Recurring Crawling: Schedule crawls at fixed intervals or adjust the rate based on content changes.
Web Page Archiving: Store HTML content, update links for local use, download required assets, and handle dynamic content.
File Downloads: Batch download binary files from web pages in a single operation.
Atom Feeds: Generate content feeds for websites that don't have them or receive notifications when new content is published containing a specified keyword.
Authentication: Automatically authenticate to access private pages and retrieve content.
Permissions: Configure crawlers, view statistics (for admins), and perform searches anonymously (for authenticated users).
Search Features: Includes features such as private search history, external search engine shortcuts, etc.

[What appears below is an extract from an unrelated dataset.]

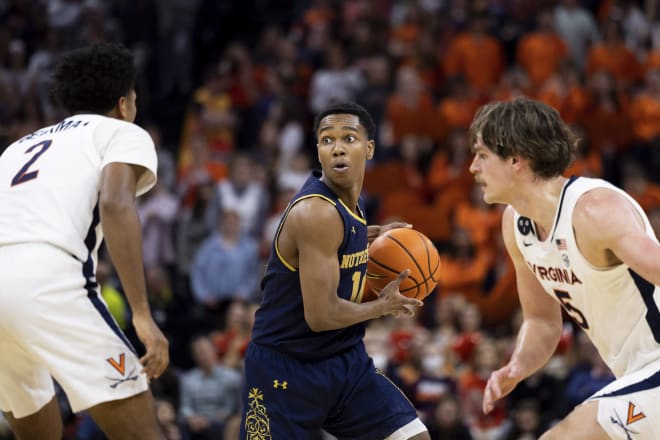 Notre Dame's Marcus Hammond (10) looks for an outlet against Virginia's Reece Beekman (2) and Ben Vander Plas (5) during Saturday's narrow Irish road loss.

SOSSE is built using Python and released under the GNU AGPLv3 license, making it an open-source solution. When it comes to crawling websites, SOSSE leverages a combination of technologies, including browser-based crawling with Mozilla Firefox or Google Chromium, along with Selenium for handling pages that rely on JavaScript. For even faster crawling, Requests can be employed as well. On the technical side, SOSSE is designed to be lightweight and uses PostgreSQL as its database storage solution.

Prerequisites for SOSSE

To be honest, SOSSE doesn't quite match its claims of being a "lightweight" solution, but I've found that it still gets the job done effectively. However, this is definitely subjective and can vary depending on your specific hosting environment and setup. In reality, you'll likely need a more robust virtual machine or container to run SOSSE smoothly.

I've found that RAM usage can spike up to around 5.5GB during crawling sessions, and CPU load can also get quite high as well. If you plan on doing a lot of archiving, make sure to allocate enough storage space upfront to avoid any potential problems.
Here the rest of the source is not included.